_Aim of the task:_ Transcribe, word for word, every line from the one containing "Tall slim natural" through the final line of the records, and omit the pictures.
==== Data shown
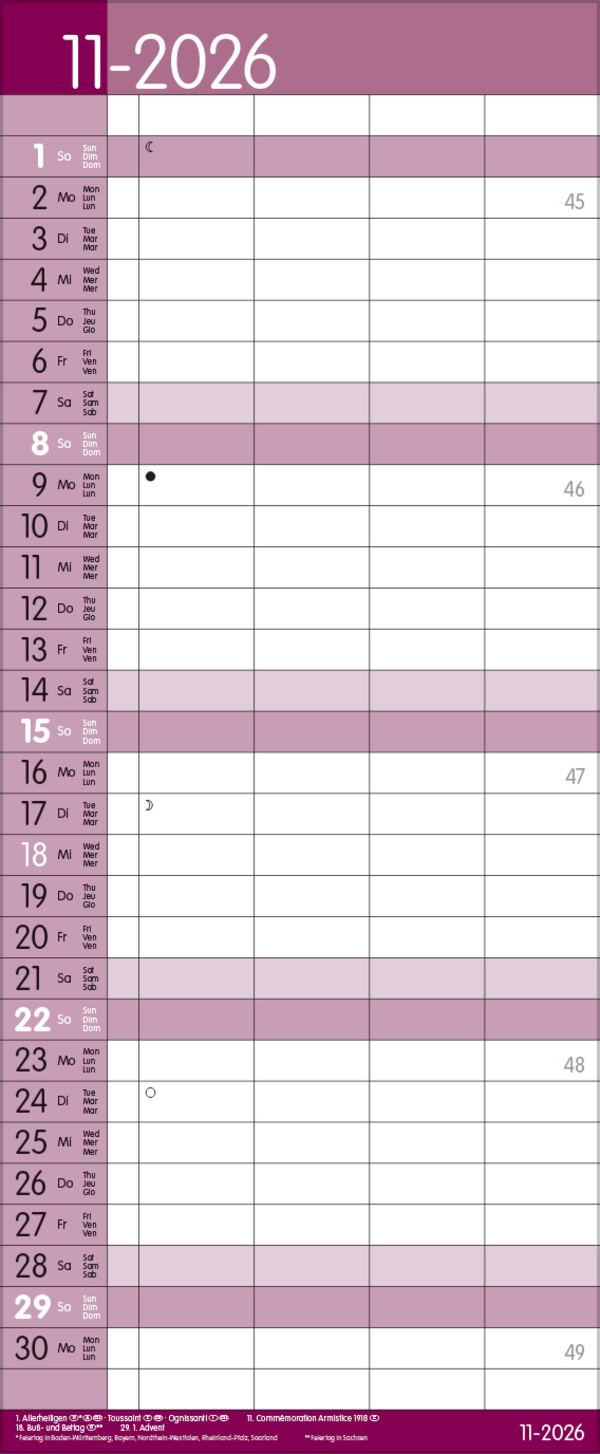 Family Timer Malve 2026, Innenansicht #11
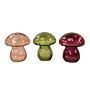 Coloured Glass Mushroom L.e.d Light Set Of 3 G/p/p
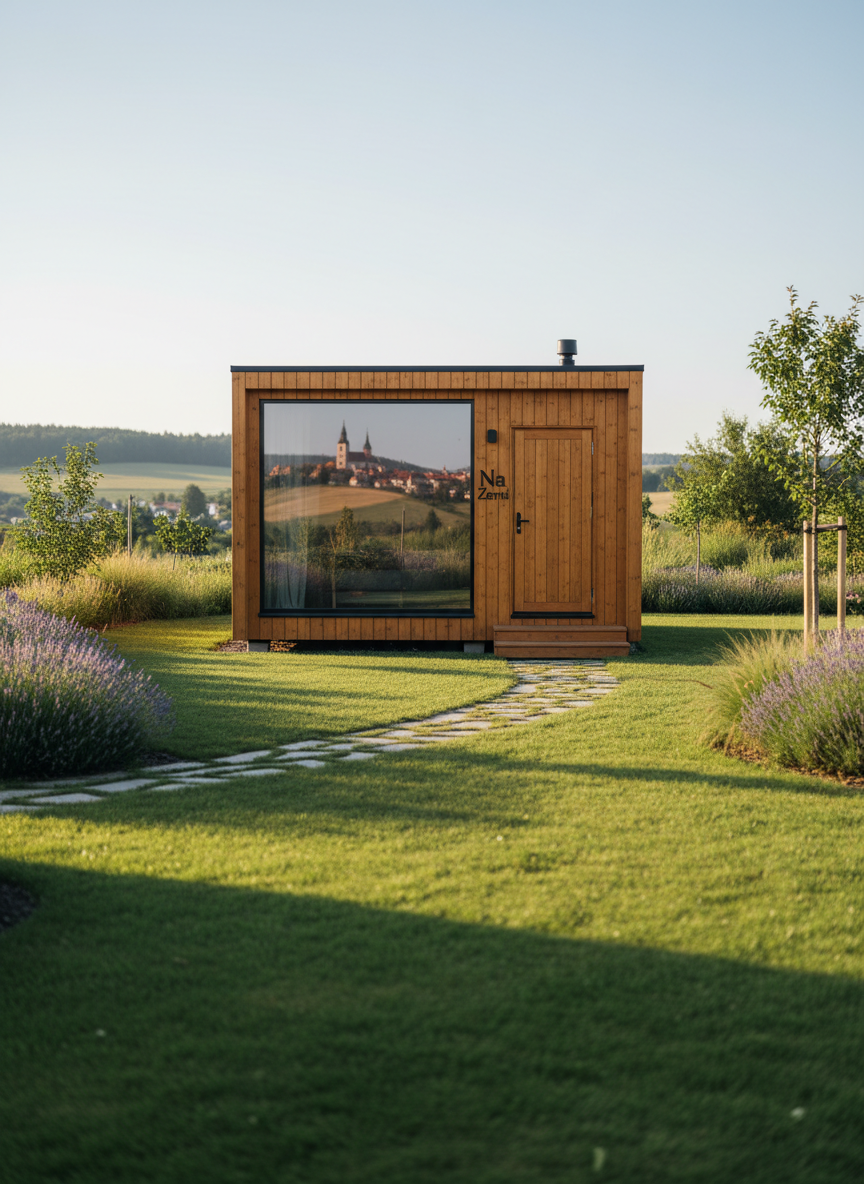 A compact yet elegant wooden tiny house named “Na Zemi” stands in the center of a generous green garden in a quiet cottage area near a small city. The façade is clad in warm-toned natural wood with large floor-to-ceiling windows reflecting distant hills and a hint of a UNESCO-listed historic town silhouette on the horizon. Soft late-afternoon natural light bathes the scene, creating long, gentle shadows across the manicured lawn and stone path. Photographed at eye level in photographic realism, the composition follows the rule of thirds, with sharp focus on the house and a gently blurred background, evoking a sophisticated, calm, and welcoming atmosphere perfect for a refined countryside escape.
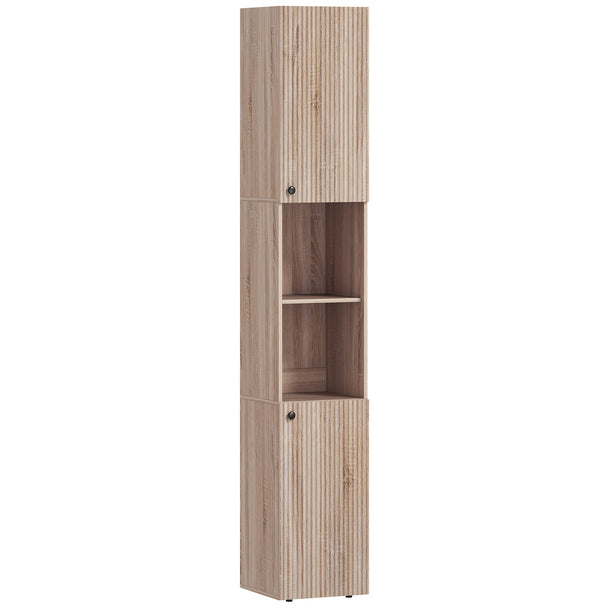 Tall slim natural bathroom cabinet with fluted doors, two cupboards and open shelves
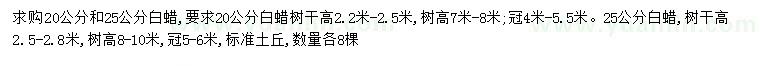 求購20、25公分白蠟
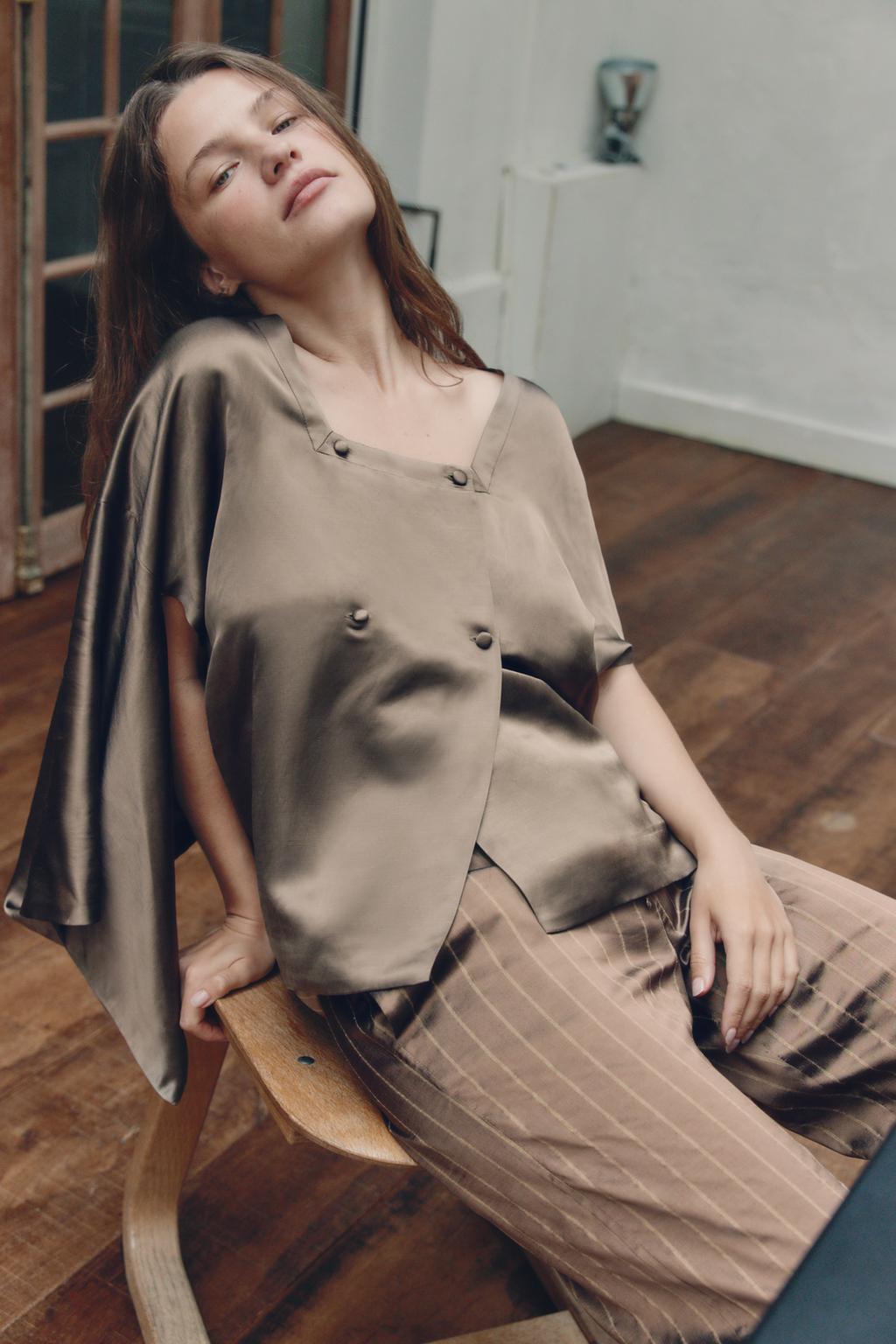 РУБАШКА С ЗАПАХОМ И ЛЬНОМ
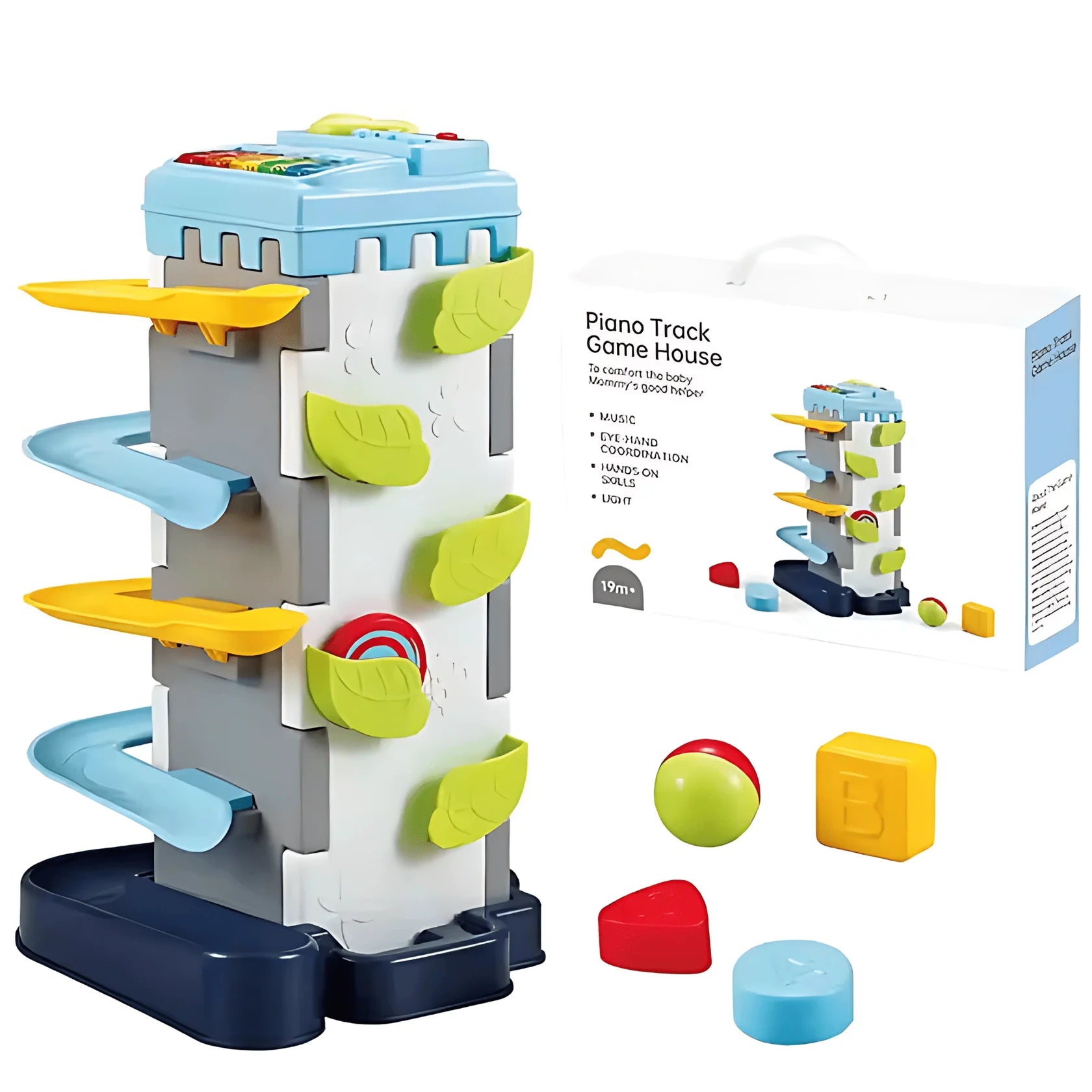 Youleen piano and ball drop track activity tower, view 1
========
_Your solution:_
 Tall slim natural bathroom cabinet with fluted doors, two cupboards and open shelves
 求購20、25公分白蠟
 РУБАШКА С ЗАПАХОМ И ЛЬНОМ
 Youleen piano and ball drop track activity tower, view 1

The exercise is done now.